Единственно, что в нем было положительного – он был незлопамятен.
Сегодня поругает, «весело» поговорим, завтра он все забыл
и как будто ничего не было. Иногда разговор был очень деликатным. Однажды ночью
Кабатчиков вызвал меня в штаб артиллерии армии с картой противотанковой
обороны. Ехать было не так близко, да притом ночью: прибыл в штаб, доложил
начальнику штаба полковнику Мегератому и в разговоре спросил: «Зачем меня
командующий артиллерией вызвал?» Он ответил: «Командующий усмотрел неправильную
расстановку орудий на ваших схемах», – ответил Мегератый, – «подождите,
командующий сейчас придет». Ожидать мне пришлось недолго. Появился В.В.
Кабатчиков и сходу напустился на меня, почему мы неправильно организовали
противотанковую оборону. «Пушки у вас даже на Восток смотрят», – сказал
Кабатчиков. Я ответил, что по системе огневого взаимодействия и исходя из
местности так должно быть. «Опять ты начинаешь меня учить», – ответил
Кабатчиков, – «думаешь, я в этом не разбираюсь?» Что я мог ответить?
«Разбираетесь отменно, товарищ генерал, но вы не были на этой местности, где расставлены
орудия.
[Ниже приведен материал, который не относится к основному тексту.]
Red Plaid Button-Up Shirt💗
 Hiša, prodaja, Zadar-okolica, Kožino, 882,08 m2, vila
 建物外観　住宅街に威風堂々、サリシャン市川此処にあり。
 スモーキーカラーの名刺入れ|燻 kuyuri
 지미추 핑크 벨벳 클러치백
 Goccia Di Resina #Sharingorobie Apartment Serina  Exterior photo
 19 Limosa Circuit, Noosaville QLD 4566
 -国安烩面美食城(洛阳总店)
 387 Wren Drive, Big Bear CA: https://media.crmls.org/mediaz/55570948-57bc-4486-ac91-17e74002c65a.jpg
Если бы побывали на месте, возможно, изменили бы свое мнение».
«Посмотри у Ревенко и Радченко как расставлены орудия и
... мне их схемы». Ревенко и Радченко были начальниками штабов артиллерии
соседних корпусов. Посмотрев на схему, я мимоходом бросил реплику: «Нарисовано
красиво, но вот у них получается, что в болоте стоят пушки. Не думаю, что
немецкие танки пойдут сюда на самопотопление». Кабатчиков посмотрел еще раз на
их схемы и приказал полковнику Мегератому, чтобы вызвал Радченко и Ревенко.
Пока их вызывали, я использовал немного времени в крытой своей машине, чтобы
отдохнуть.
Прибыли мои коллеги и, заметив мою машину, сразу
высказали неодобрение в мой адрес: «Это, наверное, Пискунов что-нибудь
Кабатчикову сморозил, чтобы нас вызвали», – сказал Ревенко, – «ему (то есть
мне) видать одному здесь показалось скучновато». Я вылез из машины и ответил на
их разговор.
«Вы будете спать, а я должен один отдуваться. Вот теперь
будем вместе отстаивать наши концепции в организации противотанковой обороны.
Один я без вашей поддержки сделать бы ничего не мог. Ну ладно, ребята, хватит
шутить. Пойдемте на исповедь к В.В. Кабатчикову». На беседе каждый из нас
доказывал свою правоту. Однако к единому мнению мы так и не пришли и получили
указание впредь делать все согласно распоряжения штаба артиллерии армии.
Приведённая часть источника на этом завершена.